JAKARTA, koranmetro.com – Perdana Menteri Malaysia, Anwar Ibrahim, kembali menegaskan sikap tegas negaranya terhadap Israel. Meski mendapat tekanan dari Amerika Serikat, Anwar menolak untuk mengubah kebijakan yang melarang warga Israel memasuki Malaysia. Sikap ini mencerminkan komitmen Malaysia terhadap prinsip keadilan dan solidaritas dengan Palestina.
Latar Belakang Tekanan AS
Amerika Serikat disebut-sebut menekan Malaysia agar membuka pintu bagi warga Israel, terutama dalam konteks kerja sama ekonomi dan keamanan. Namun, Anwar Ibrahim dengan tegas menyatakan bahwa Malaysia tidak akan mengubah kebijakannya selama Israel masih melakukan penindasan terhadap rakyat Palestina.
Sikap Anwar Ibrahim
Dalam beberapa kesempatan, Anwar menegaskan bahwa kebijakan ini adalah bentuk solidaritas moral Malaysia terhadap perjuangan Palestina.
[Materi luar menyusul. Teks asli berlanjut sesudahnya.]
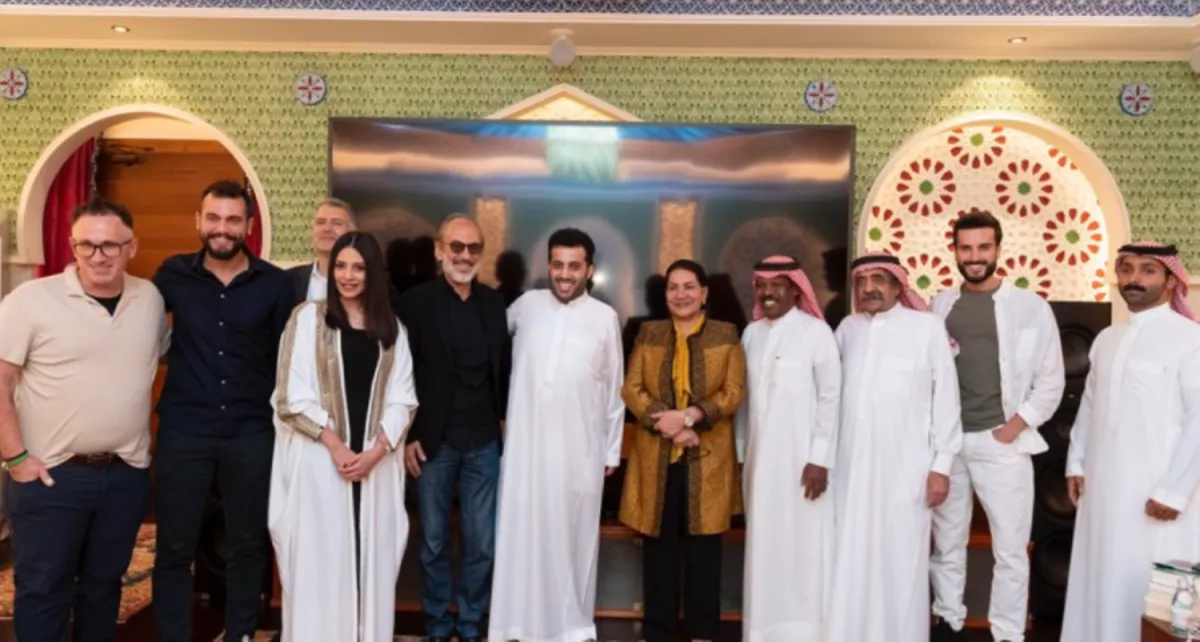 تركي ال الشيخ وصورة تجمعة مع فريق العمل - الصورة من تويتر المستشار تركي ال الشيخ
Ia juga menekankan bahwa Malaysia sebagai negara berdaulat berhak menentukan kebijakan imigrasi sesuai dengan prinsip dan nilai yang dianut.
“Malaysia tidak akan tunduk pada tekanan manapun. Kami tetap konsisten mendukung perjuangan Palestina,” tegas Anwar.
Reaksi Masyarakat Malaysia
Sikap Anwar Ibrahim ini mendapat dukungan luas dari rakyat Malaysia. Banyak yang mengapresiasi ketegasan PM dalam mempertahankan prinsip kemanusiaan dan keadilan internasional.
Dampak Diplomatik
Meski mendapat tekanan dari AS, Malaysia tetap menjaga hubungan baik dengan berbagai negara. Anwar Ibrahim menekankan bahwa kebijakan luar negeri Malaysia bersifat independen dan berlandaskan pada prinsip keadilan, bukan tekanan dari negara lain.
Sikap tegas Anwar Ibrahim dalam menolak tekanan AS menunjukkan kepemimpinan yang berprinsip. Kebijakan melarang warga Israel masuk ke Malaysia tetap dipertahankan sebagai bentuk solidaritas terhadap Palestina. Langkah ini semakin memperkuat citra Malaysia sebagai negara yang konsisten dalam memperjuangkan keadilan internasional.